The Role of Contrastive Linguistics in Italian Translation

Contrastive linguistics is a sub-division of linguistics, or the study of languages, that developed in the 1950s. Contrastive linguistics engages in a systematic comparison of the structural bases of two or more languages with the aim of developing a compendium of their similarities and differences. Contrastive linguistics improves our understanding of a language by revealing its specific features. It explains difficulties that users may face when handling a foreign language by pointing out its differences with the user’s native language. It can even anticipate the difficulties that might arise when handling two language systems. The structural bases on which contrastive linguistics focuses are phonology, grammar, and semantics. Case marking, agreement, word order, the position of the verb and valence alternation are some of the other areas that it examines.

Initially, the purpose of contrastive linguistics was to make foreign language teaching more effective. Now its findings have been transposed to Italian translation. It makes its effectiveness in translation by highlighting the similarities between two languages that can facilitate translation from Italian into another language, and the differences that may cause problems. Contrastive linguistics also suggests ways of solving those problems. It is a useful field of study for translation because it enhances cross-cultural competence.

The role of contrastive linguistics in Italian translation will befocusing attention only on the structural differences between Italian and English, which have been perceived as the commonest stumbling blocks in an Italian translation. Structural similarities can safely be ignored for the purpose of this discussion. The discussion will also seek to educate the translator in the very many options that are available to him in dealing with these structural variations in an Italian translation. Although variations and discrepancies exist at several levels between the two languages, only four aspects have been chosen. They are the aspects of nominalization, determiners, adverbial expressions, and how the two languages express condition and time.

Nominalization refers to the process by which a verb or an adjective has been converted into a noun, for example, replacing ‘move’ with ‘movement’, ‘discover’ with discovery’ and so on. Determiners are words that come before nouns and modify them, that is, they tell us something else about them.
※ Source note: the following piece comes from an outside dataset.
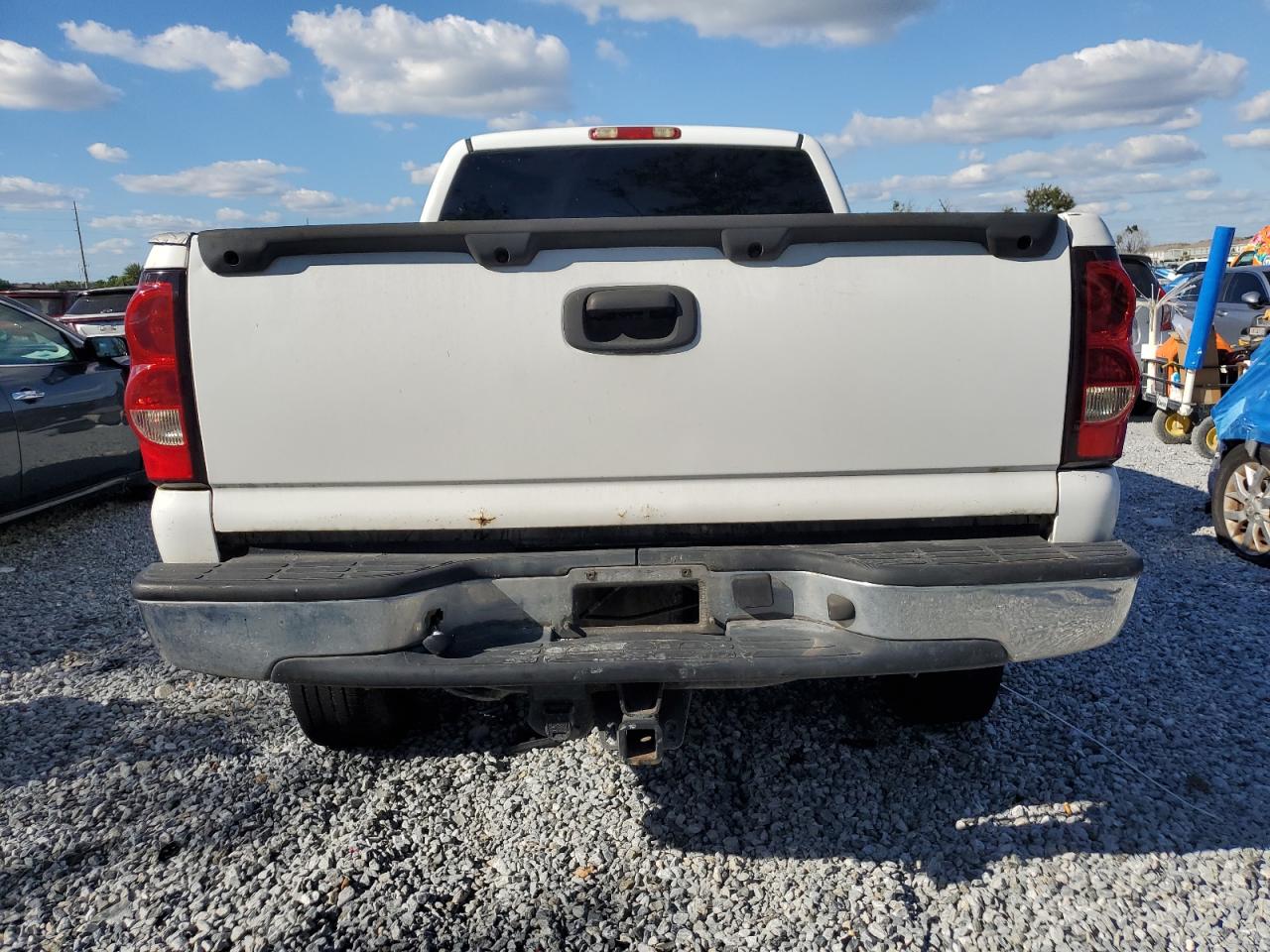 2003 Chevrolet Silverado C2500 Heavy Duty VIN: 1GCHC29U03E305016 Lot: 94433235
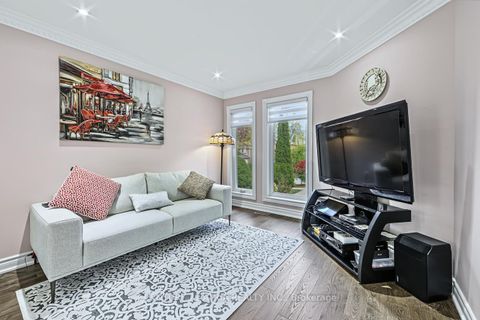 Photo 4 at 39 Chiswick Crescent, Aurora Highlands, Aurora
Determiners can be the articles ‘a’, ‘an’, and ‘the’; possessive nouns indicated with an apostrophe, as in ‘my mother’s’; possessive pronouns such as ‘his’, ‘their’, ‘our’, etc.; numbers such as ‘one’, ‘two’, etc.; indefinite pronouns like ‘few’, ‘more’, ‘each’; and demonstrative pronouns like ‘this’ and ‘that’.

Adverbial clauses modify a verb by answering questions like ‘how’, ‘when’, ‘why’, and ‘how much’. Adverbial clauses always begin with a subordinating conjunction. Some of the most common subordinating conjunctions in English are ‘after’, ‘before’, ‘unless’, ‘until’, etc. In order to deal with these stumbling blocks in Italian translation, an Italian translator often must resort to tools like grammatical transposition and compensation. Any method that he or she adopts must guarantee minimum translation loss of idiomaticity and register.